Djokovic faces deportation from Australia Open, visa revoked again
Novak Djokovic faces expulsion from the Australian Open and deportation after the Australian government revoked his visa for a second time.
According to the Associated Press, the latest twist in the ongoing saga over whether the No. 1-ranked tennis player will be allowed to compete in the Australian Open despite being unvaccinated for COVID-19 is that the Serbian’s visa has been canceled for the second time.
Alex Hawke, the Australian immigration minister disclosed on Friday, January 14 that he used his ministerial discretion to cancel the 34-year-old Serbian’s visa on public interest grounds just three days before play begins at the Australian Open.
It is on record that Djokovic, the Australian Open defending champion has won a record nine of his 20 Grand Slam titles.
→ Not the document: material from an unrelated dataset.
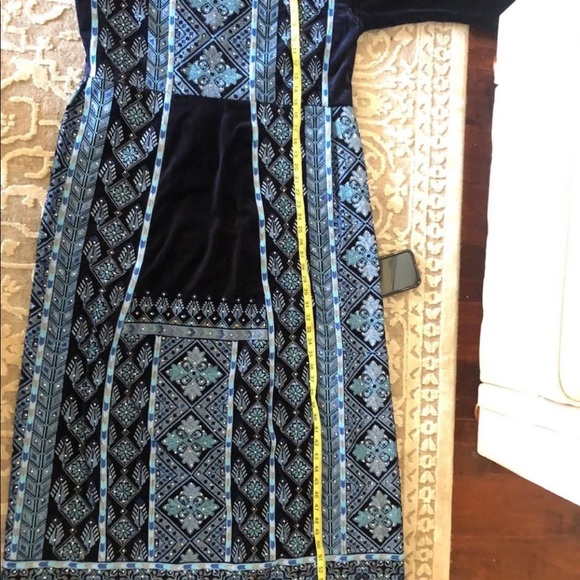 Blue Velvet Palestinian Thobe - Picture 12 of 13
Djokovic’s lawyers were expected to appeal at the Federal Circuit and Family Court, which they already successfully did last week on procedural grounds after his visa was first canceled when he landed at a Melbourne airport.
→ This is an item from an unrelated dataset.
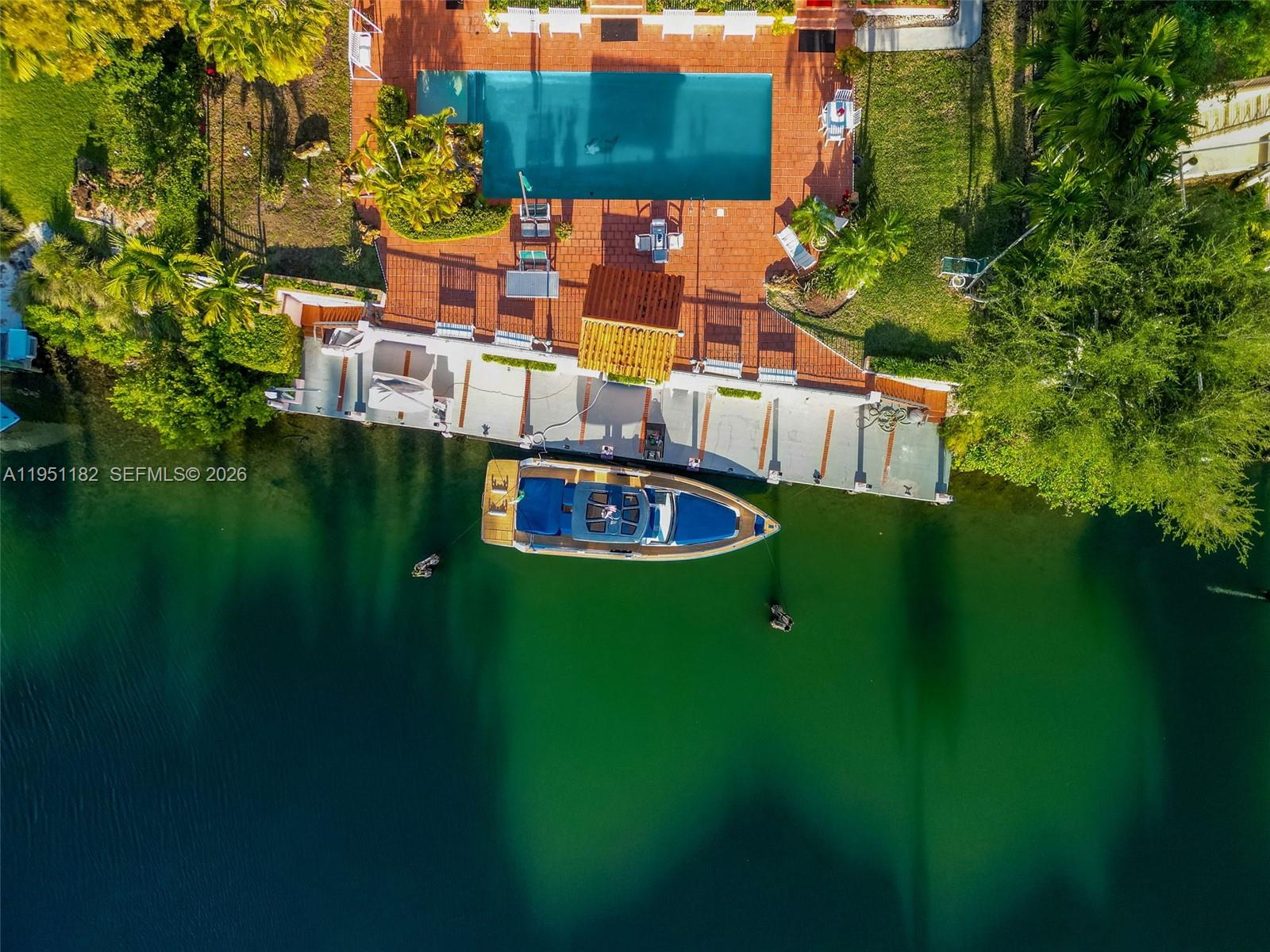 6636 Riviera Dr Coral Gables, FL 33146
A hearing on the recent development is scheduled for Friday night. If Djokovic is eventually deported from Australia, he may face a three-year ban on returning to the country, although that may be waived, depending on the circumstances.
The minister said he canceled the visa on “health and good order grounds, on the basis that it was in the public interest to do so.” His statement added that Scott Morrison’s government “is firmly committed to protecting Australia’s borders, particularly in relation to the COVID-19 pandemic.”
Scott Morrison, the prime minister of Australia has himself welcomed Djokovic’s pending deportation. The whole episode has touched a nerve in Australia, and particularly in Victoria State, where citizens went through hundreds of days of lockdowns during the worst of the pandemic and there is a vaccination rate among adults of more than 90%.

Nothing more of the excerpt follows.